DATASET SECTION:
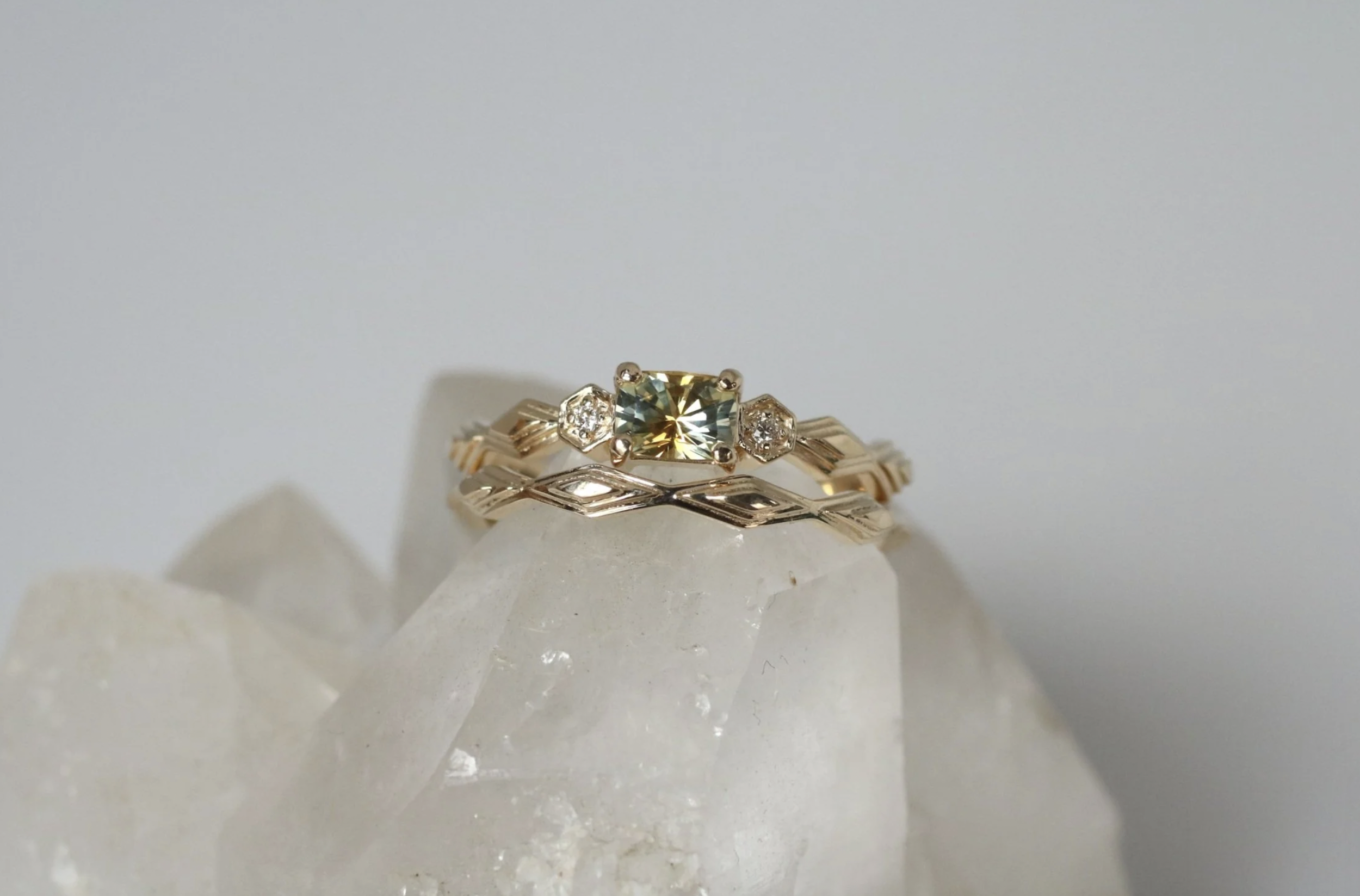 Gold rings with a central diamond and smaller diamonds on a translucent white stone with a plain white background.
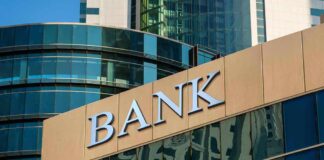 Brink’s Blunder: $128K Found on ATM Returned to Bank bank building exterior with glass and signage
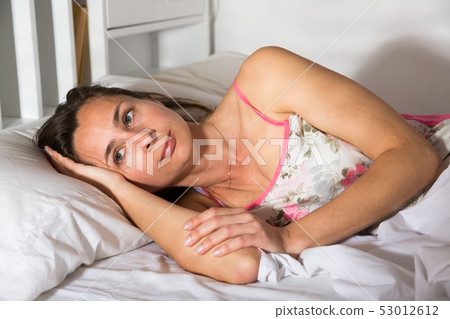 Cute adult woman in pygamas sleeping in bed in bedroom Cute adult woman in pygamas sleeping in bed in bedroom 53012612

ACTIVITY: Return to the listing above and set it down exactly, leaving out its pictures.

ANSWER SECTION:
 Gold rings with a central diamond and smaller diamonds on a translucent white stone with a plain white background.
 Brink’s Blunder: $128K Found on ATM Returned to Bank bank building exterior with glass and signage
 Cute adult woman in pygamas sleeping in bed in bedroom Cute adult woman in pygamas sleeping in bed in bedroom 53012612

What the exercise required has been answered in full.